There are a lot of 11-year-old girl heroes with pluck and wit, but Alan Bradley’s Flavia de Luce stands out. While she is superlative in many ways, her vulnerabilities are of as much value to the plot, and none of it feels contrived; which is key, isn’t it? Even if Flavia survives the latest murder-mystery, she might not emotionally. And that is what a Flavia de Luce novel is about: her character, not just the corpse she inevitably stumbles upon.
Was my life always to be like this? I wondered. Was it going to go, forever, in an instant, from sunshine to shadow? From pandemonium to loneliness? From fierce anger to a fiercer kind of love? (292)
I Am Half-Sick of Shadows is book 4 in this delectable series about a young girl in 1950 England with a gift for chemistry, and poisons in particular. Since book one, she has discovered an interest in sleuthing as well. Like all the previous books, murder comes to Bishop’s Lacey even as Flavia’s familial dramas continue their own shadowy descent.

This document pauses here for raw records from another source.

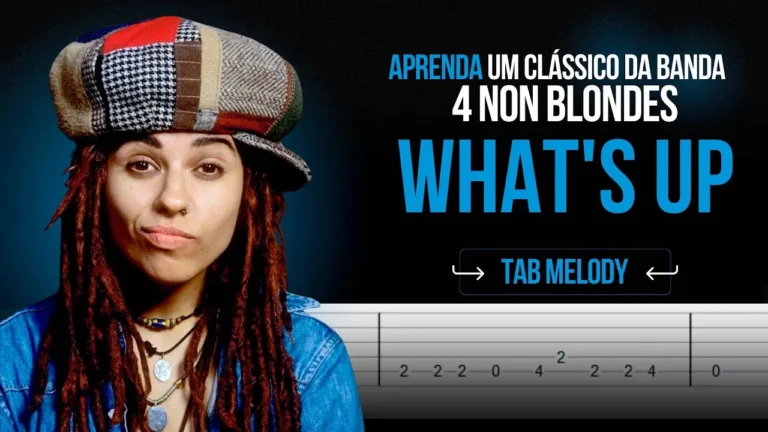 What's up - 4 non blondes - Free Tabs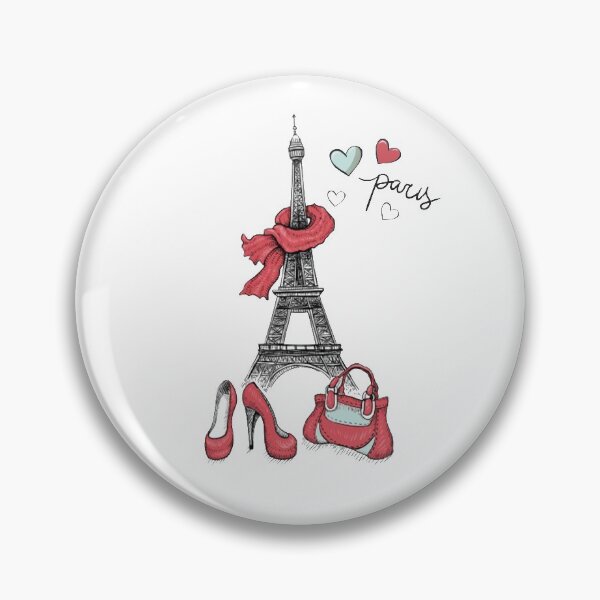 Item preview, Womens Eiffel Tower Paris Shirt Vintage I Love Paris France City  designed and sold by thegoodplan.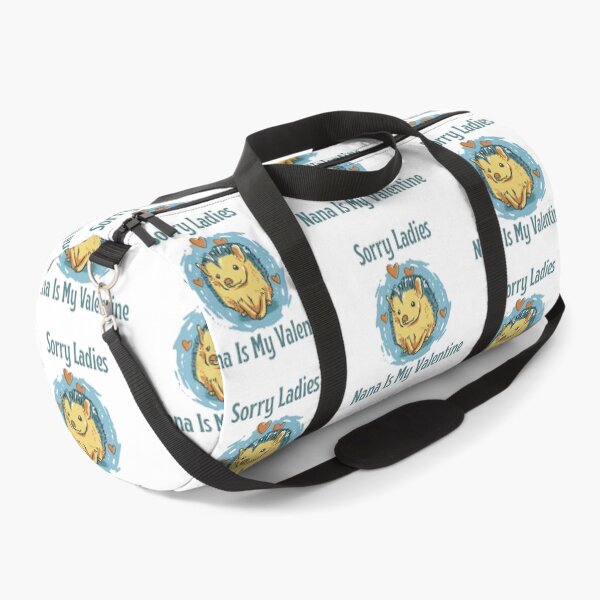 Item preview, Sorry Ladies Nana Is My Valentine, Cute Hedgehog Valentine's Day Design designed and sold by Auntieck.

It’s Christmastime, and the precocious Flavia de Luce—an eleven-year-old sleuth with a passion for chemistry and a penchant for crime-solving—is tucked away in her laboratory, whipping up a concoction to ensnare Saint Nick. But she is soon distracted when a film crew arrives at Buckshaw, the de Luces’ decaying English estate, to shoot a movie starring the famed Phyllis Wyvern. Amid a raging blizzard, the entire village of Bishop’s Lacey gathers at Buckshaw to watch Wyvern perform, yet nobody is prepared for the evening’s shocking conclusion: a body found, past midnight, strangled to death with a length of film. But who among the assembled guests would stage such a chilling scene? As the storm worsens and the list of suspects grows, Flavia must use every ounce of sly wit at her disposal to ferret out a killer hidden in plain sight. ~publisher’s comments.
[Yes, Agatha Christie’s name surfaces within the pages and not just the mind.] The part not to be lost in the above synopsis is Flavia’s dastardly plan to ensnare Father Christmas. It isn’t just a cute aside, because really, it is one remnant of childhood she really needs.

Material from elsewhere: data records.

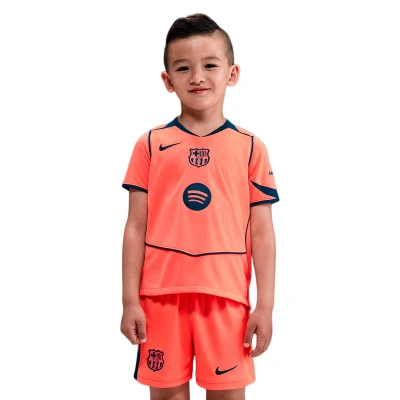 Tenue Enfant Fc Barcelona troisième kit 2025-2026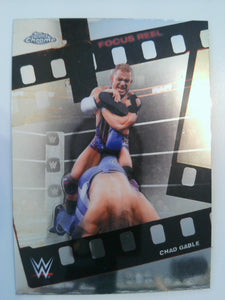 2026 Topps Chrome WWE Wrestling Focus Reel Chad Gable #FR-10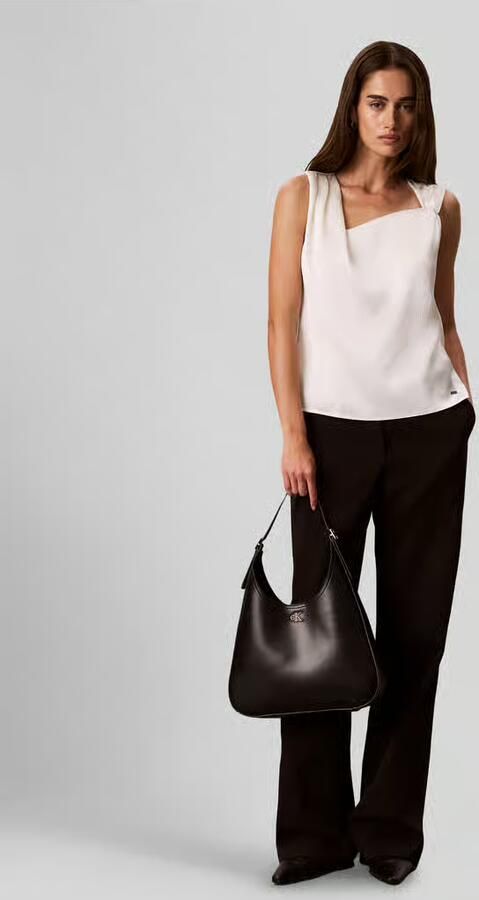 Calvin Klein Jeans Tas EMBLEM AOP DEBOSSED MEDIUM SHBAG LV04F3875G - Foto 3
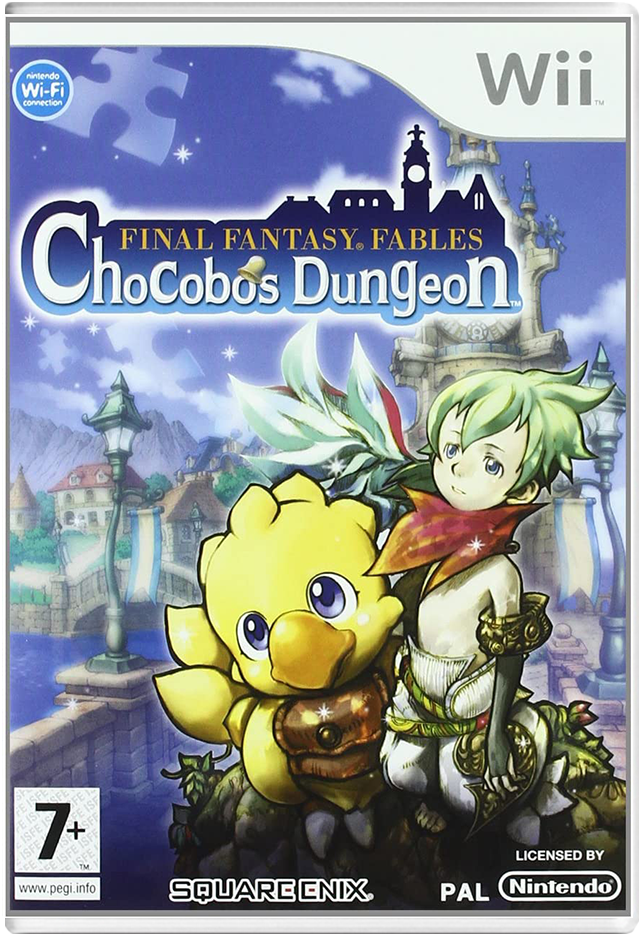Final Fantasy Fables: Chocobo's Dungeon - WII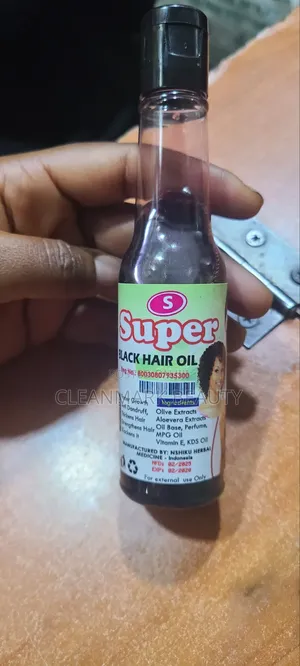 Hair Oil for Women ,Soft ,Black and Grow Faster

Would chemistry put paid to Christmas? Or would I, tomorrow morning, find a fat, infuriated elf caught fast and cursing among the chimney pots?
I must admit that part of me was hoping for the legend.
There were times when I felt as if I were standing astride a cold ocean–one foot in the New World and one foot in the Old. As they drifted relentlessly apart, I was in danger of being torn up the middle. (163)
Bradley is keen on placing Flavia in that tenuous spot between childhood and greater sophistication. He chose a perfect age. Flavia is both capable of both absolute genius and absolute ignorance. Those walls that come up in trying to decipher adult dynamics (read sexual relationships) are ever amusing. What is less amusing is how deft she is at a crime scene and in a laboratory while yet still remaining such a vulnerable figure. She hasn’t a mother, and her father is always just out of reach. Her two older sisters are a source of torment–really, it is painful. I am glad she has Dogger, the servant and friend of her father’s, because she really does need some adult to care for her, and for whom she could show care in return. And not only because she is 11 and human, but because she is becoming worn.
[After placing dry paper too close to the bulb for better light, and after catching her shoes on fire stomping out flames in the cupboard beneath the stairs:]
I was pulling on my singed sweater and scraping the toes of my smoking shoes on the floorboards when the kitchen door opened and Dogger appeared.
He looked at me closely without saying a word.
“Unforeseen chemical reaction,” I said. (228)
Dogger rarely says a word. And he has remained a bit of a mystery. We learn more in book 4; that is, more clues come to light. The relationships between many a person are given greater lighting–and in turn, greater shadow. Mysteries abide. Just who is Dogger, really? How is it the Vicar and the Colonel are friends? A key one: Why do Flavia’s sister’s hater her so vehemently, and how far with their warfare extend?
of note: I must audibly sigh over the Dogger/Flavia dynamics as well as Flavia/Inspector Hewitt. The very particular word choices that relay Flavia’s sense of the macabre continually delight. And her geeking out over chemistry?–so lovely. Her struggle with her father and her sisters also continues to wound. I really, really love what Bradley does in his Flavia books.